I do not accept that I was wrong in relation to that. But let us suppose that the example the noble Earl gave demonstrates the point that that kind of question, in order to be askable, must be material. That is the point made by the noble Lord, Lord Alton. I do not accept that the example is accurate but, even if it were, it demonstrates, first, that the example is bad; secondly, if it is a good example, it shows the need for materiality; and, thirdly, if I am wrong about all of those points and there could be a circumstance in which love letters were asked for--assuming that they had nothing whatever to do with the issue before the authorities; namely, support--the question would then arise of whether the person had a reasonable excuse for not providing them. Answer: plainly yes. As the noble Earl is aware, an offence is committed under Clause 98 only if a person intentionally delays etc, "without reasonable excuse".

4.15 p.m.

Earl Russell: Does the noble and learned Lord accept that this exchange is proof that the question of what is material may be susceptible to argument.

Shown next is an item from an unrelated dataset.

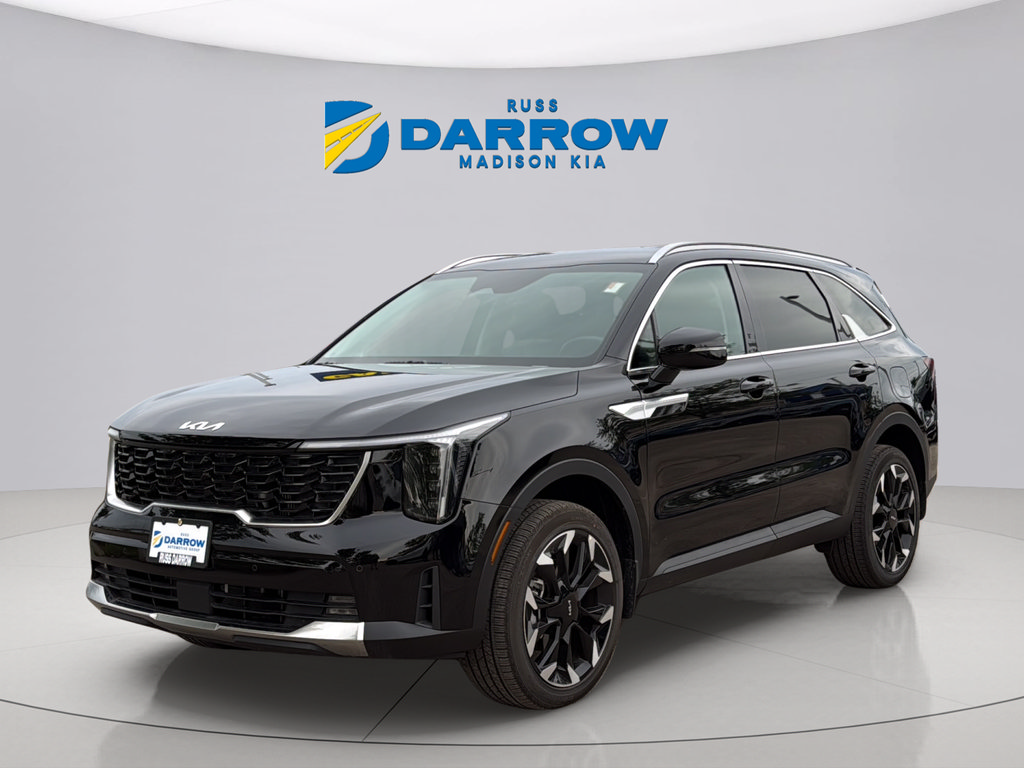 Certified 2026 Kia Sorento EX AWD/4WD image 1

Lord Falconer of Thoroton: With the greatest respect, I would have thought it was quite the reverse. The amendment of the noble Lord, Lord Alton, seeks to insert the word "material." Even if it were susceptible to argument, the mischief with which the noble Lord seeks to deal is unnecessary. I do not think that there is much between us in relation to this matter. It is more a drafting point than a point of substance.

Let me now deal with the other points raised in the debate. The noble Earl raised the question of the removal of any penalty for this offence. The noble Earl does not suggest that there should not be an offence; there should therefore be a penalty. The penalty imposed by the subsection he suggests should be removed is up to £1,000. The noble Earl, powerfully, persuasively--and totally misleadingly--refers only to the one side of the coin; that is, a person who does not have any money who is convicted of an offence. In those circumstances the court is well able to take such matters into account in determining the fine, which is a maximum of £1,000.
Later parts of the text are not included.